Lasse Boesen feuerte eine Wasserflasche unter die Bank, versetzte ihr noch einen beherzten Tritt, ließ sich auf seinen Platz plumpsen und verbarg den Kopf unter einem weißen Handtuch. Es war die 53. Minute des Bundesliga-Derbys zwischen der SG Flensburg-Handewitt und dem THW Kiel, und das Spiel war beim Stand von 28:32 aus Sicht der Gastgeber verloren. Boesen, vom überragenden SG-Akteur der ersten Hälfte zur tragischen Figur geworden, ward nach dem Spiel nicht mehr gesehen.
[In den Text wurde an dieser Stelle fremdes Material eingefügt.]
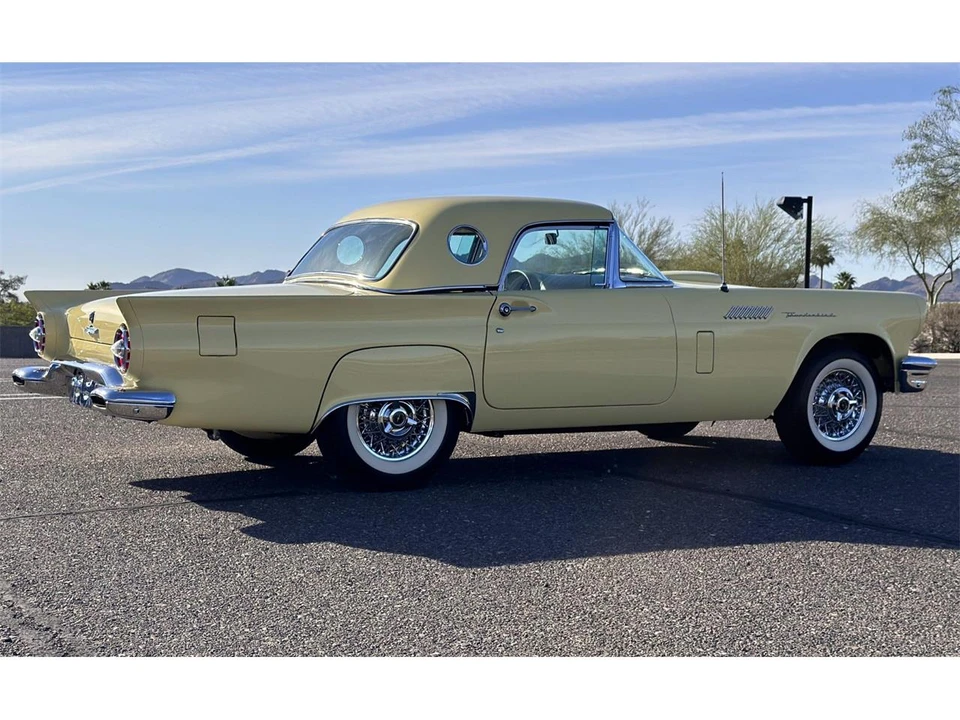 1957 Ford Thunderbird 1st Gen - Image 29 of 31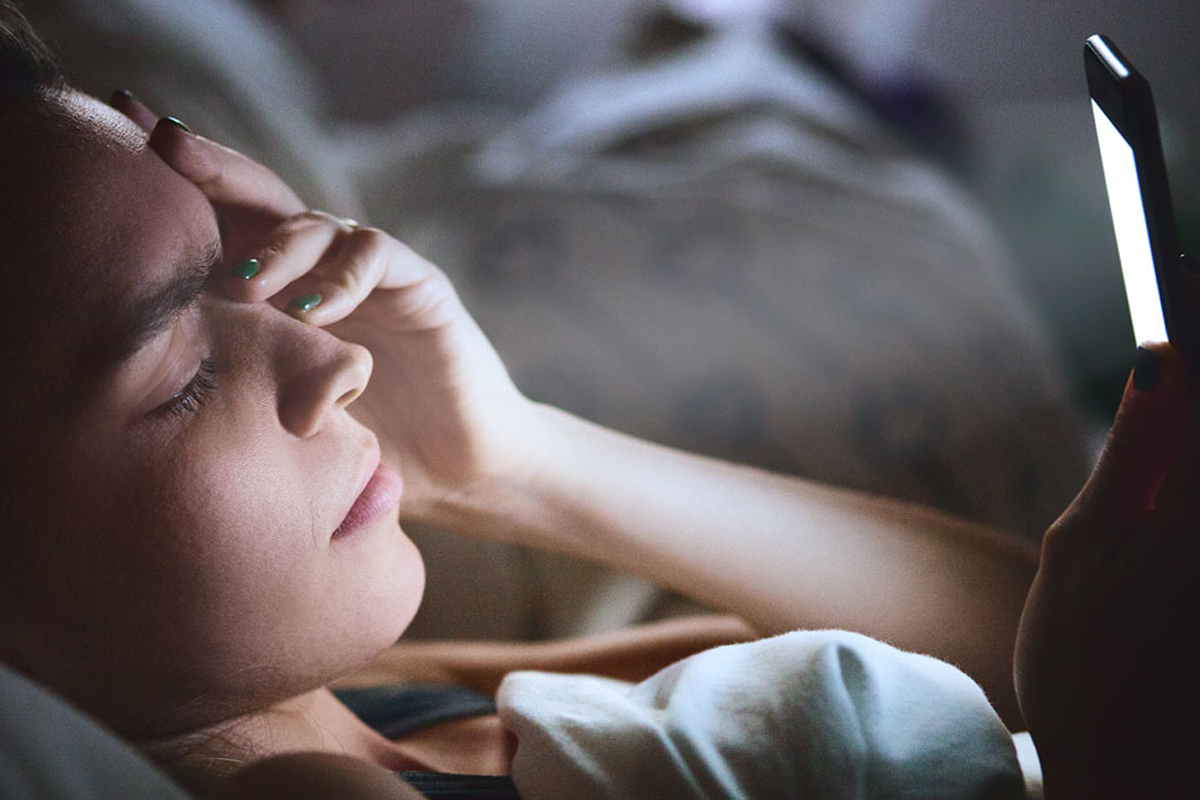 why you cant stop doomscrolling at night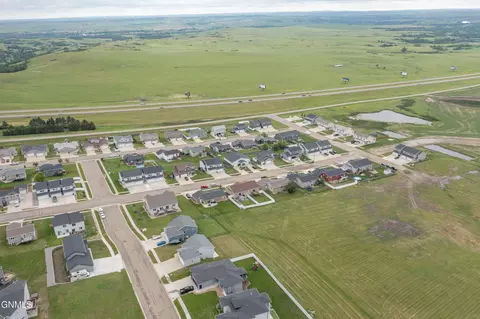 4704 Corvette St NW, Mandan, ND 58554 photo 36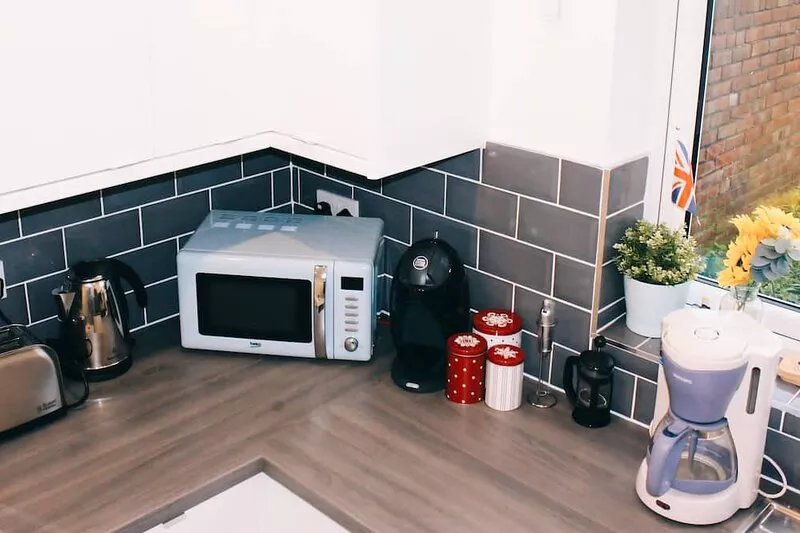 Modern 3 Bedroom House with Garden and free Onsite Parking for 2 Cars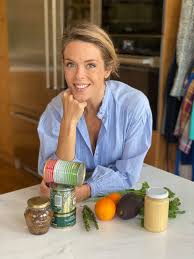 Adolescente, elle subit les affres des régimes yoyo et souffre de boulimie et d'anorexie. Nicole Courcel Le Temoignage D Amour De Sa Fille Julie Andrieu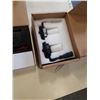 Image 4 : 2 HID HEADLIGHT BULBS 9006 6000K, 2 REVERSE SENSOR KITS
Zwei Pässe waren ihm missglückt, in die die Kieler Christian Zeitz und Filip Jicha gnadenlos hinein stießen und der SG das Genick in einem grandiosen Handballspiel brachen. 31:37 (18:16) hieß es am Ende nach spektakulärem Hin und Her – Flensburg war damit weit unter Wert geschlagen.
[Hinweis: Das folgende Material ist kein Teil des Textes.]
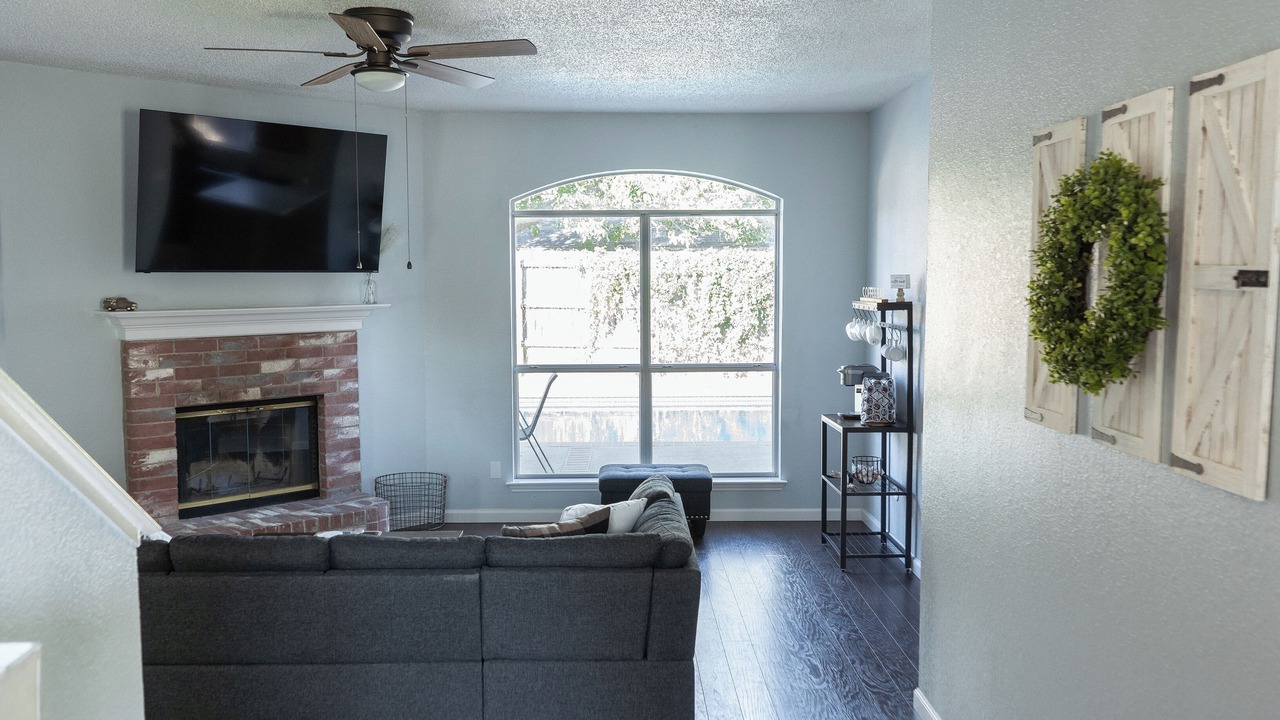 Photo of Livingroom in South Arlington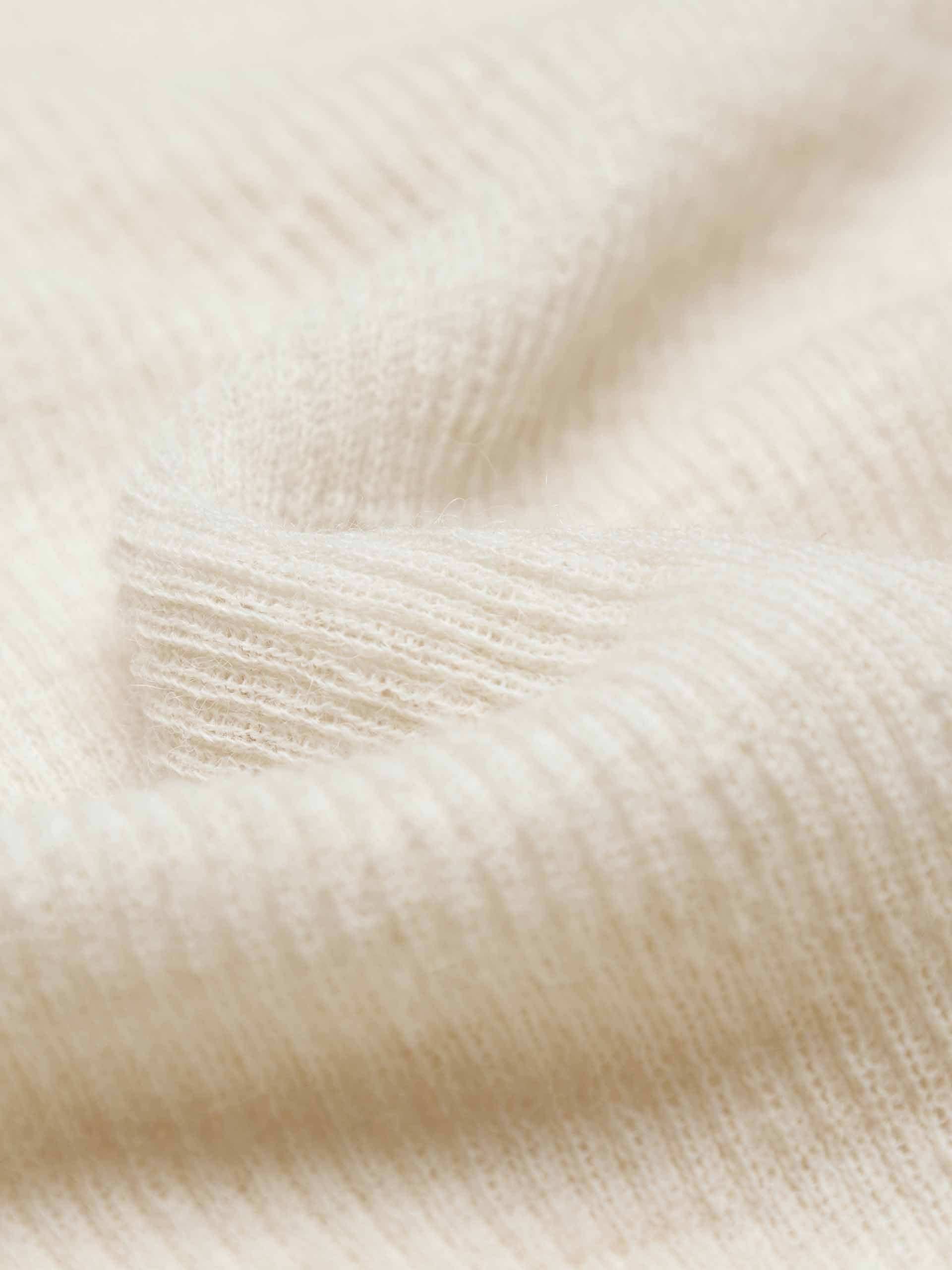Alpaca Turtleneck Kint Top - Image 12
Das räumte sogar THW-Trainer Alfred Gislason ein: „Flensburg hat wie ein Favorit gespielt und sehr tollen Handball gezeigt. Es war schwer für uns.“ Die Höhe des Erfolges sei allein dem Glück geschuldet, gegen Ende einige leichte Bälle erobert zu haben. Gislason hatte hoch gepokert, als er eine völlig neue Startaufstellung auf die Platte schickte, ohne Jicha, Marcus Ahlm oder Jerome Fernandez. Sein Plan war, „durch  eine breite Bank am Ende mehr Luft“ übrig zu haben. Das ging auf, das ergab schließlich den Unterschied, doch zu Beginn machten nicht nur die Kieler eine verdutzte Miene zum Boesen-Spiel.
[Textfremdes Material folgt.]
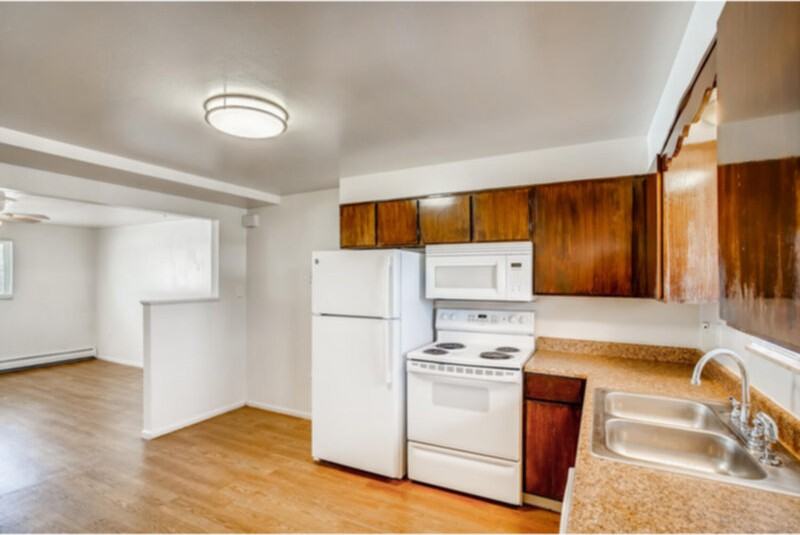 290 S Hoyt St #4 - Photo 6 of 26
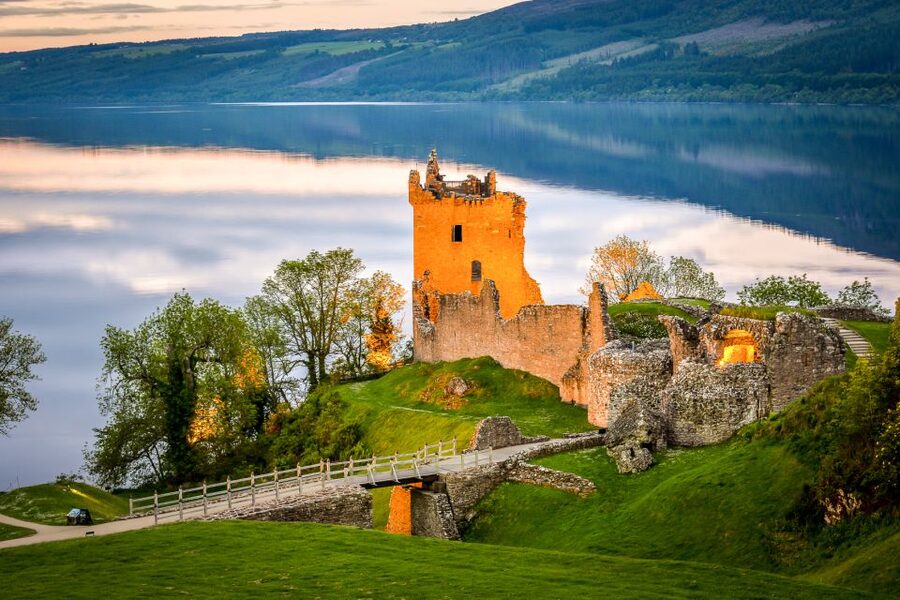 Loch Ness: Urquhart Castle Round-Trip Cruise - “Guide energy” and why it changes the whole ride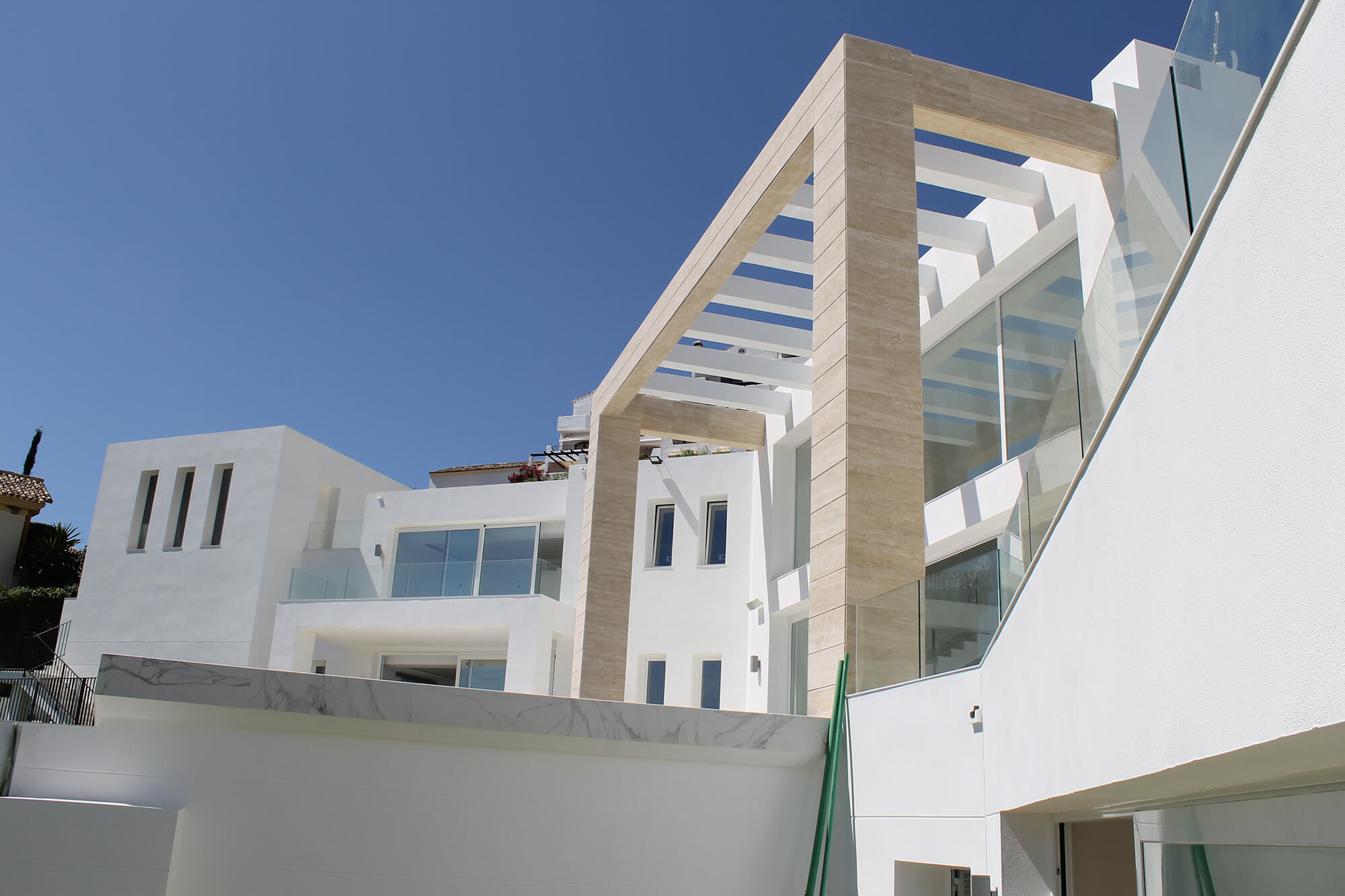 villa-contemporanea-en-los-arqueros-golf-resort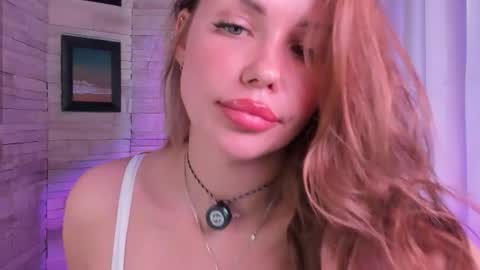 Snapshot of roxy_wet chatting on 06/28/26, 12:44 Roxy follow me online show from 06/28/26, 12:44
Der bisweilen lethargisch wirkende dänische Halblinke lief am Mittwoch zu ganz großer Form auf und war von seinem direkten Widerpart, dem Kieler Neuzugang Milutin Dragicevic, nicht zu kontrollieren. Die Frage in der Pressekonferenz an SG-Trainer Per Carlén, was denn mit Boesen passiert sei, unterbrach Gislason mit dem Einwurf: „Das habe ich mich auch gefragt. Den habe ich lange nicht so gesehen.“ Carlén erklärte, dass er viel mit Boesen gesprochen habe und einige Abläufe im Angriff neu auf ihn zugeschnitten worden seien. „Er war heute ein richtiger Halblinker. Ein Superspiel, ich freue mich sehr für ihn. Ich hoffe, dass er das fortsetzt.“ Das unglückliche Ende wollte ihm der Trainer nicht ankreiden. „Acht Tore, schöne Anspiele, Siebenmeter geholt und zwei technische Fehler im ganzen Spiel –  mehr geht fast nicht“, sagte Carlén.
Es gab andere, die mehr auf ihre Kappe zu nehmen hatten als Boesen. Torhüter Dan Beutler etwa, der sehr stark begonnen und dann ebenso nachgelassen hatte. „Unser Angriff war anfangs Weltklasse. Ich bin sehr zufrieden mit der Leistung der Mannschaft, ich bin nicht zufrieden mit meiner Leistung. Hätte ich so gehalten wie bisher in dieser Saison, hätten wir gewonnen“, sagte der Schwede. Von Rechtsaußen Lasse Svan Hansen war außer vier Fehlwürfen nichts zu sehen. Links spielte Anders Eggert im Angriff einen starken Part, war in der Abwehr aber machtlos gegen den  brillanten Christian Sprenger.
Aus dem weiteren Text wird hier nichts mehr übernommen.